Una noche de bombardeos israelíes sobre el sur de Líbano que dejó 21 muertos y la respuesta letal de Hezbolá —que costó la vida de cuatro soldados israelíes— puso al borde del colapso el frágil acuerdo de paz firmado entre Estados Unidos e Irán apenas días antes. La escalada fue tan grave que obligó a una intervención mediadora de emergencia por parte de Washington.
Negociadores estadounidenses lograron, en pocas horas, que Israel y Hezbolá acordaran un alto el fuego inmediato. El pacto llegó justo cuando la situación amenazaba con convertirse en el detonador de una guerra más amplia, desactivando uno de los logros diplomáticos más importantes del gobierno de Trump.

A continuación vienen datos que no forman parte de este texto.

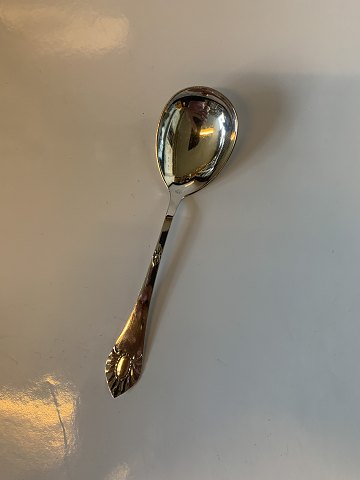 Serving spoon / Vegetable spoon in Silver
Length about 18 cm
Stamped in 1956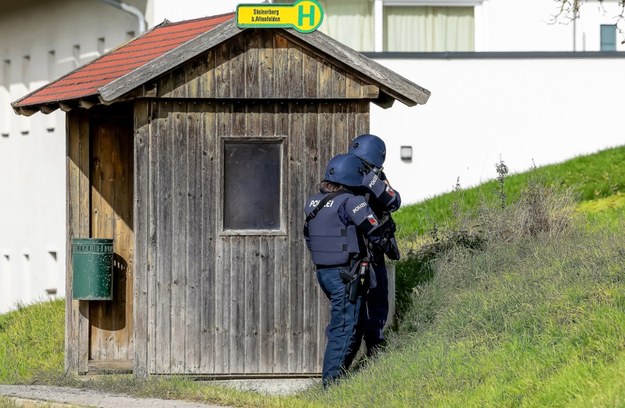 Akcja policji w Kirchberg ob der Donau /PAP/EPA/FRANZ PLECHINGER /PAP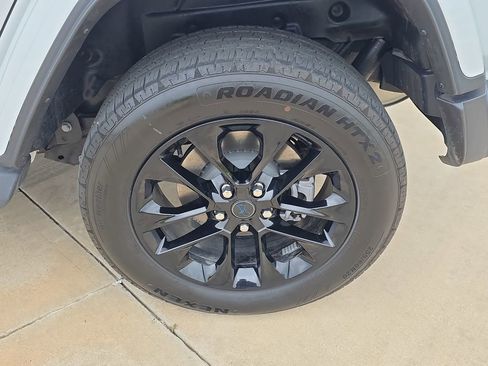 Used 2025 Jeep Wrangler Unlimited Sahara AWD/4WD image 33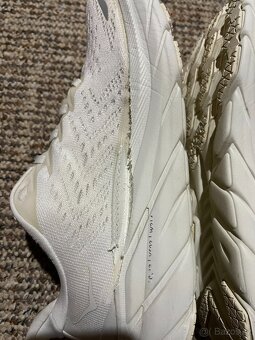 8x Dámské běžecké sportovní boty Hoka - 4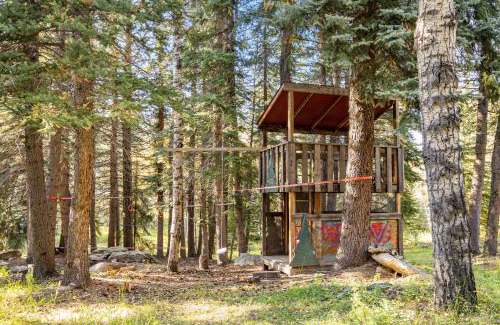 Hangen Ranch And M and B House | Creekside Mountain Views Hot Tub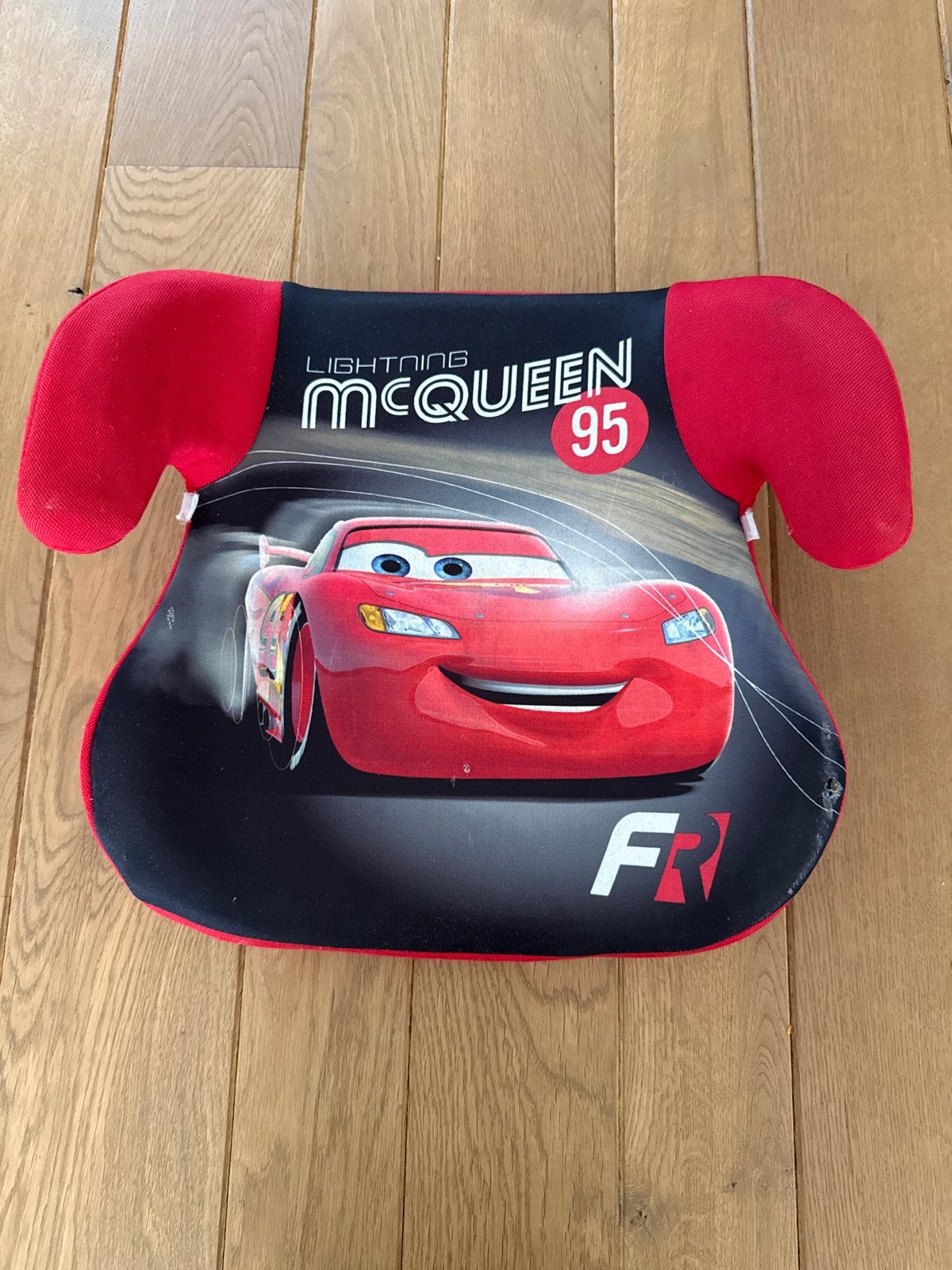 Cars Lightning McQueen zitverhoger rood zwart, 15 t/m 36 kg, Ophalen, Overige merken, Gebruikt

La crisis, sin embargo, no quedó resuelta. Israel afirmó que seguirá operando en Líbano mientras Hezbolá no respete por completo el cese de hostilidades, desafiando abiertamente la cláusula del acuerdo que exigía el retiro total de sus fuerzas del sur libanés. Irán, por su parte, advirtió que el pacto con Washington será 'nulo' si esa condición no se cumple.
En consecuencia, la reunión que debía celebrarse en Suiza entre el vicepresidente JD Vance y el negociador iraní fue cancelada a última hora, dejando en suspenso las conversaciones sobre el programa nuclear de Teherán y el levantamiento progresivo de sanciones. El futuro del acuerdo de paz más esperado del año pende de un hilo.